*The task:* Nothing but the lines from the one containing "Pulleys Sprockets Wheels: Largest" through the one containing "a living room", both included, should be given again, each exactly as written below.

▼▼▼

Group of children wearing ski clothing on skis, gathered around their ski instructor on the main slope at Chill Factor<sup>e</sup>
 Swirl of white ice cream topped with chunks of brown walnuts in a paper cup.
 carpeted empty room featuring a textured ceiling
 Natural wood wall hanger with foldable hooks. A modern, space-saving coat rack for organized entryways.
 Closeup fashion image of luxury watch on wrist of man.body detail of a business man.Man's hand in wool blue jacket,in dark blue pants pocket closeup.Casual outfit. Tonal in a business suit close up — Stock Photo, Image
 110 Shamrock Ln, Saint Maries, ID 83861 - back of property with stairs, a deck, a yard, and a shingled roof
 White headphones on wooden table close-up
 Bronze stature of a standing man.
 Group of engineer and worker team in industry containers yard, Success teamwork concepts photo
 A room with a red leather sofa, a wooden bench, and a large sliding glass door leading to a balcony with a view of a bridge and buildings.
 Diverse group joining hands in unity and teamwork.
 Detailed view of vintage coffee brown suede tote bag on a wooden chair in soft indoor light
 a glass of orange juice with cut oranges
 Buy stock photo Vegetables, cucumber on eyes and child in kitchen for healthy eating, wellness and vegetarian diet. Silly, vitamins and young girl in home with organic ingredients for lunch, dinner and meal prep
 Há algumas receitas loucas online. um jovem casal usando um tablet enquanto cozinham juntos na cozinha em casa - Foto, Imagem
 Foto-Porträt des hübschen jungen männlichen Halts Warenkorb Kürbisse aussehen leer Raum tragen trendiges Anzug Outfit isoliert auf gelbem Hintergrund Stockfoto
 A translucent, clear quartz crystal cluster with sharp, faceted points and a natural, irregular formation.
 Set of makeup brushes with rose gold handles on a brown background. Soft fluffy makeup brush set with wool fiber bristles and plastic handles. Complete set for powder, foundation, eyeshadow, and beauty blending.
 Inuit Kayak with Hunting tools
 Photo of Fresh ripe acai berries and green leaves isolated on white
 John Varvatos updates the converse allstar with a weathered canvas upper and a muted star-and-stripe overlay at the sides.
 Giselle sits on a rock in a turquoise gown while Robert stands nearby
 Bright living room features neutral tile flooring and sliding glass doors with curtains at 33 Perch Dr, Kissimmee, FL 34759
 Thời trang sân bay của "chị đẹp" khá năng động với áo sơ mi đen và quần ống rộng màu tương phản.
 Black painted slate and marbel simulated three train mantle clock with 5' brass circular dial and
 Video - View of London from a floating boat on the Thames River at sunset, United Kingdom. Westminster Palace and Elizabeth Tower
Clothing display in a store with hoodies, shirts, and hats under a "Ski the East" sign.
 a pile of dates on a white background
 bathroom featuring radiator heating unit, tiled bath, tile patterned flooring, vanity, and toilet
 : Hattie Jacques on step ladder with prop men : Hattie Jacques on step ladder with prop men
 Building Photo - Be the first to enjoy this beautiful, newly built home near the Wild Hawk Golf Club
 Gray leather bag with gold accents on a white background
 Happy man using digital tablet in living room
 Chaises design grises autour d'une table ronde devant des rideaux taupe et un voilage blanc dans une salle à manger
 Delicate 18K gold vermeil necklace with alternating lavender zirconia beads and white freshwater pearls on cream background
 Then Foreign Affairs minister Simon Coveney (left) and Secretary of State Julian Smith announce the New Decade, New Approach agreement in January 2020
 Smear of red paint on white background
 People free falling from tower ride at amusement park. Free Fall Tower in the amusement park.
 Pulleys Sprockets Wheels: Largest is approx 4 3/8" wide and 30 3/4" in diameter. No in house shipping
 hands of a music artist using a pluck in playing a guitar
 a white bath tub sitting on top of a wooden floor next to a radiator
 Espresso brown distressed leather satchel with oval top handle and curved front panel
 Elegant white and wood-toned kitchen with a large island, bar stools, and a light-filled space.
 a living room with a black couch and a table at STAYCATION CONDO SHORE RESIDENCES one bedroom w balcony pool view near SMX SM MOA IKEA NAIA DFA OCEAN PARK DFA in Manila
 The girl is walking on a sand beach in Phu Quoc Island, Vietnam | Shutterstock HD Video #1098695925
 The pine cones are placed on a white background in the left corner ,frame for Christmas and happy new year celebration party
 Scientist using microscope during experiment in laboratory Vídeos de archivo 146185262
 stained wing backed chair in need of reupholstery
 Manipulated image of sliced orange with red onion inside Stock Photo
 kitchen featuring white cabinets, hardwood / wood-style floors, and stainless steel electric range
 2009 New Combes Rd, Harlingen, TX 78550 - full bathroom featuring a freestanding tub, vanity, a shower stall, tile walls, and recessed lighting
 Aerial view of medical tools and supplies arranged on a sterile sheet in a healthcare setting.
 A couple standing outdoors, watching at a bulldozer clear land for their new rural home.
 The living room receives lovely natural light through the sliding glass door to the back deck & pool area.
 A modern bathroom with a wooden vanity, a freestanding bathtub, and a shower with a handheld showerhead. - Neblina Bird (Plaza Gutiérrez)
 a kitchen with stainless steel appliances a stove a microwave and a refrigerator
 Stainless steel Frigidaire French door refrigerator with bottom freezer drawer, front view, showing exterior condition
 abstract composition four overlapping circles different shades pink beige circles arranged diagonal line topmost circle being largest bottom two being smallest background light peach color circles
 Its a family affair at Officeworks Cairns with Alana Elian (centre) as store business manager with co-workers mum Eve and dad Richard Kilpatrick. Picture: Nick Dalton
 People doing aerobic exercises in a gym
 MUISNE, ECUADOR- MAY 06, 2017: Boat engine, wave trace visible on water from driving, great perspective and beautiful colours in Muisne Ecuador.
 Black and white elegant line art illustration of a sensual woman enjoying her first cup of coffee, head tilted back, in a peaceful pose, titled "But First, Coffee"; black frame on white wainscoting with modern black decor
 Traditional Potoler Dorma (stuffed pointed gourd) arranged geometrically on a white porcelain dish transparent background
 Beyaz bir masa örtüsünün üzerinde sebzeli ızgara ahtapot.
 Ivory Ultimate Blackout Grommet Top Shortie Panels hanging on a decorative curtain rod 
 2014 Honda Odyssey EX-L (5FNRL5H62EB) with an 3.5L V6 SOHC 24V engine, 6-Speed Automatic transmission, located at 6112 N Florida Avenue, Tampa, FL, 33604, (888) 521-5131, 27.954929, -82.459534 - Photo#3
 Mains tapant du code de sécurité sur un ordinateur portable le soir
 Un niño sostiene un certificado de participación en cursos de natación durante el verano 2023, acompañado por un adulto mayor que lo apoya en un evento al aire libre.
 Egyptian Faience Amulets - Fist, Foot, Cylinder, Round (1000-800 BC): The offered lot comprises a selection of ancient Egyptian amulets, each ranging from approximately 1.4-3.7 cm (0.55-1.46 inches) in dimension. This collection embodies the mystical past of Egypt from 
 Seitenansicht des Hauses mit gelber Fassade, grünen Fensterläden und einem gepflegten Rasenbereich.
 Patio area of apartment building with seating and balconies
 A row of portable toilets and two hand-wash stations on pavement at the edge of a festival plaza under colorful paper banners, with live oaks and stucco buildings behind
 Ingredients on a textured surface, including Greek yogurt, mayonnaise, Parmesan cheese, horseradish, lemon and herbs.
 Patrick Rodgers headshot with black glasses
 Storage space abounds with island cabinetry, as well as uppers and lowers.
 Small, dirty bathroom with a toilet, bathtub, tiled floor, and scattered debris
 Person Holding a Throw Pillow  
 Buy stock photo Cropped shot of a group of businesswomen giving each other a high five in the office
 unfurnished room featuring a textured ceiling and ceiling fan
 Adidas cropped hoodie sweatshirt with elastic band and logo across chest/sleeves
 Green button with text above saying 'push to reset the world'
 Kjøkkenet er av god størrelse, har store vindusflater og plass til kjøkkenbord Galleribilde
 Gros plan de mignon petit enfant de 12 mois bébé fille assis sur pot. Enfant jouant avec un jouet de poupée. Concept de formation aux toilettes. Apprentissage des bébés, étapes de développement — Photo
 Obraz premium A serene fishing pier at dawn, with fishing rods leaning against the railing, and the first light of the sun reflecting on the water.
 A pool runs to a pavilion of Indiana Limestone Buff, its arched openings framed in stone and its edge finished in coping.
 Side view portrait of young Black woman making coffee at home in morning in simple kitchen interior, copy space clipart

▲▲▲

*Result below:*
 Pulleys Sprockets Wheels: Largest is approx 4 3/8" wide and 30 3/4" in diameter. No in house shipping
 hands of a music artist using a pluck in playing a guitar
 a white bath tub sitting on top of a wooden floor next to a radiator
 Espresso brown distressed leather satchel with oval top handle and curved front panel
 Elegant white and wood-toned kitchen with a large island, bar stools, and a light-filled space.
 a living room with a black couch and a table at STAYCATION CONDO SHORE RESIDENCES one bedroom w balcony pool view near SMX SM MOA IKEA NAIA DFA OCEAN PARK DFA in Manila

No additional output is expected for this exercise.